══ DATA FOR THE TASK ══

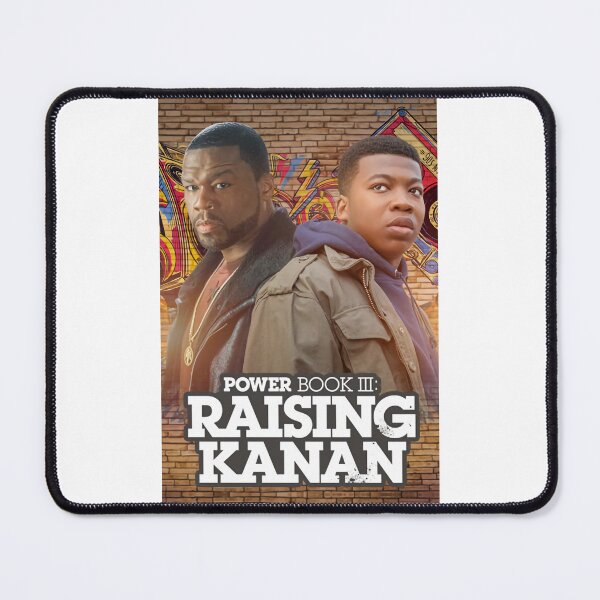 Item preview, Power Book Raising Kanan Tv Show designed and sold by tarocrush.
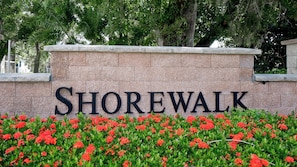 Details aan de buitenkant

═══
══ DATA FOR THE TASK ══

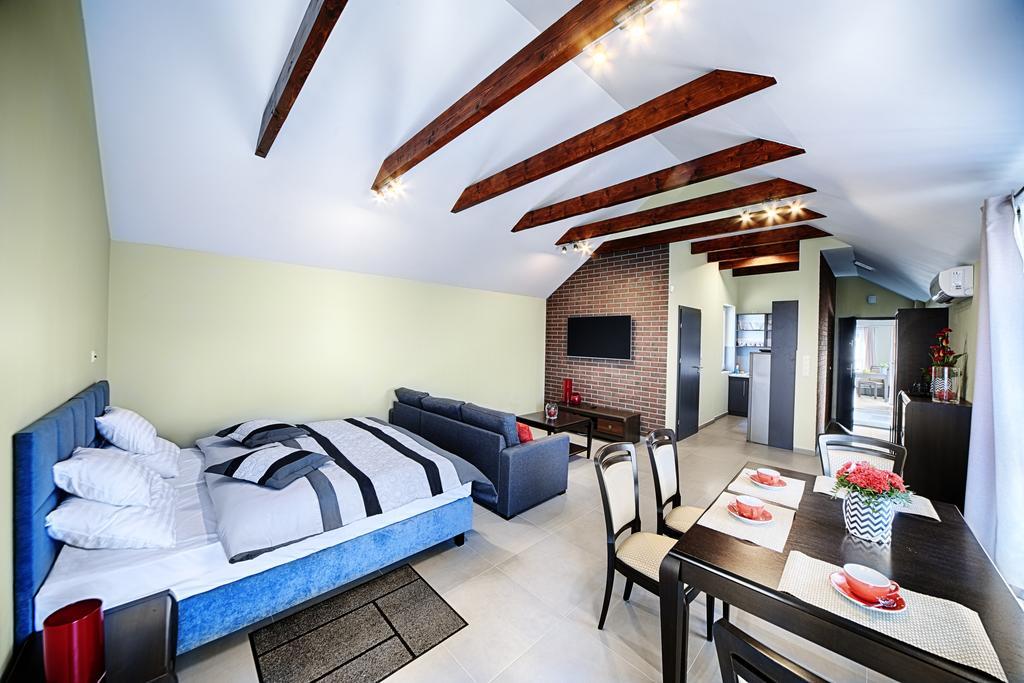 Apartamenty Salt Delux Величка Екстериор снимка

═══

**PROBLEM REQUIREMENTS**
Reproduce the lines above beginning at the line that contains "Item preview, Power" and ending at the line that contains "Details aan de buitenkant". No pictures.

**YOUR SOLUTION**
 Item preview, Power Book Raising Kanan Tv Show designed and sold by tarocrush.
 Details aan de buitenkant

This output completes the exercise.